Good point.  It is common for instructors in Chinese martial arts to teach several different systems.  While you may initially have an interest in one in particular, I will bet that as time goes on you will find yourself practicing at least elements from the other systems.  Eventually you may learn them all.

You will probably also find that the instructors have their own favorites, and may not be equally well-versed in every style.


----------



## bMunky (Nov 26, 2005)

Flying Crane said:
			
		

> Good point. It is common for instructors in Chinese martial arts to teach several different systems. While you may initially have an interest in one in particular, I will bet that as time goes on you will find yourself practicing at least elements from the other systems. Eventually you may learn them all.
> 
> You will probably also find that the instructors have their own favorites, and may not be equally well-versed in every style.


 
Yeah I started noticing that while reading about chinese martial arts, well, for my external form I'll be taking chang quan and internal form will be ba gua zhang. I have a few friends who are gonna be taking the mantis style.


----------



## arnisador (Nov 26, 2005)

Sounds good! Please let us know how it's going for you. I'll be interested to hear about your experiences!


----------



## 7starmantis (Nov 27, 2005)

Yes, let us know how its going. I know of Adam Hsu and he is greatly respected among the kung fu community. One of his books is on my favorites list as well. I doubt he will actually be teaching the classes, but I would assume his instructors would be highly skilled. I think you will find that as you study, the lines between these styles will become blurred. 

7sm


----------



## clfsean (Nov 27, 2005)

Baji Baji Baji Baji ...


----------



## bMunky (Nov 28, 2005)

7starmantis said:
			
		

> Yes, let us know how its going. I know of Adam Hsu and he is greatly respected among the kung fu community. One of his books is on my favorites list as well. I doubt he will actually be teaching the classes, but I would assume his instructors would be highly skilled. I think you will find that as you study, the lines between these styles will become blurred.
> 
> 7sm


 
Thats reasurring to hear, I plan on paying for 6 months maybe year in advance so it's kinda nice to know there teacher is well known as in I have a bowed pinky medacarpel bone whichmakes it VERY vurnerable to punches and it's hard to throw a full punch but I'm fine with palms thats why I want to take bagua. BUT if anyone else knows a bagua teacher in san francisco as I've only found one other teacher and he's 2 1/2 hours away by public transportation.


----------



## Flying Crane (Nov 28, 2005)

bMunky said:
			
		

> BUT if anyone else knows a bagua teacher in san francisco as I've only found one other teacher and he's 2 1/2 hours away by public transportation.


 
If you are looking for another bagua teacher, my teacher teaches Fu style and Li style bagua.  His name is Bryant Fong, and his webpage is beijingbagua.com.  He teaches at several locations in the City, at the YMCAs and thru City College, and at the UC Berkely Wushu Club, but doesn't have his own school.  

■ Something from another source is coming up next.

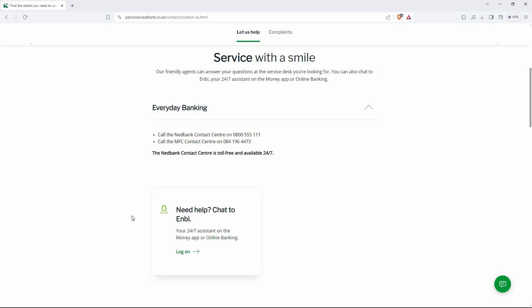Note: Regardless of the method used, app or online, initiating a dispute doesn't guarantee a reversal. Nedbank will investigate your claim.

I would be surprised, however, if there are no other bagua teachers in San Francisco.  How did you do your search?


----------



## bMunky (Nov 29, 2005)

Flying Crane said:
			
		

> If you are looking for another bagua teacher, my teacher teaches Fu style and Li style bagua. His name is Bryant Fong, and his webpage is beijingbagua.com. He teaches at several locations in the City, at the YMCAs and thru City College, and at the UC Berkely Wushu Club, but doesn't have his own school.
> 
> I would be surprised, however, if there are no other bagua teachers in San Francisco. How did you do your search?


 
I did my search on the internet, I heard abut your teacher but couldnt find a number to call or class schedules for bagua in san francisco.


----------



## Flying Crane (Nov 29, 2005)

bMunky said:
			
		

> I did my search on the internet, I heard abut your teacher but couldnt find a number to call or class schedules for bagua in san francisco.


 
I just sent you a PM.


----------



## dmax999 (Nov 29, 2005)

Anyone who knows BaJi will recommend that one, almost without question. (See clfsean's post)  Somewhat rare and supposed to be extremely effective.

Chen Tai Chi will help with all of the other styles listed and is probably one of the best ones over the long term.  I suggest learning this along with what ever other ones you want.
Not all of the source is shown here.